(COLLECTED MATERIAL begins)
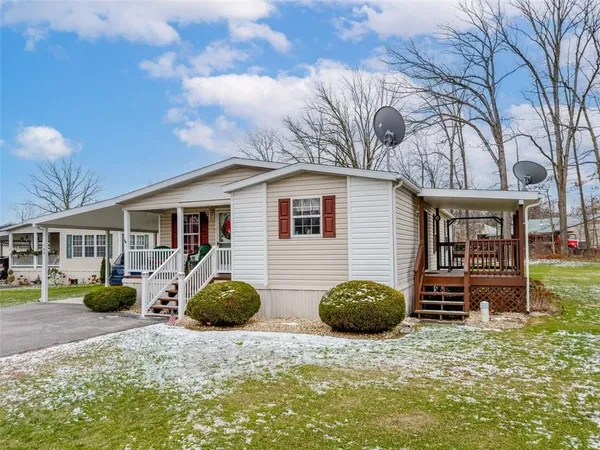 a view of a chair and tables in the back yard of the house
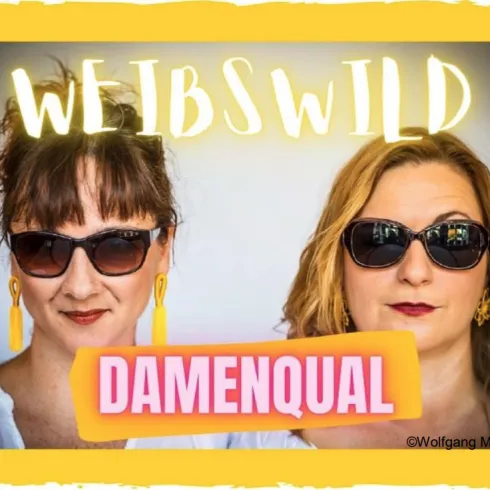 Zwei Frauen mit Sonnenbrillen posieren für ein Foto. Der Hintergrund zeigt den Schriftzug „WEIBSWILD“ und „DAMENQUAL“.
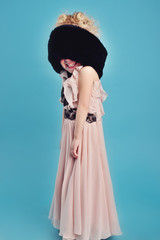 Naklejka premium little girl in a long dress and a fur coat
(COLLECTED MATERIAL ends)
▸ EXERCISE PROMPT
No pictures should appear in the copy. Print exactly the lines above from the line containing "Zwei Frauen mit" through the last line of the data.

▸ TASK ANSWER
 Zwei Frauen mit Sonnenbrillen posieren für ein Foto. Der Hintergrund zeigt den Schriftzug „WEIBSWILD“ und „DAMENQUAL“.
 Naklejka premium little girl in a long dress and a fur coat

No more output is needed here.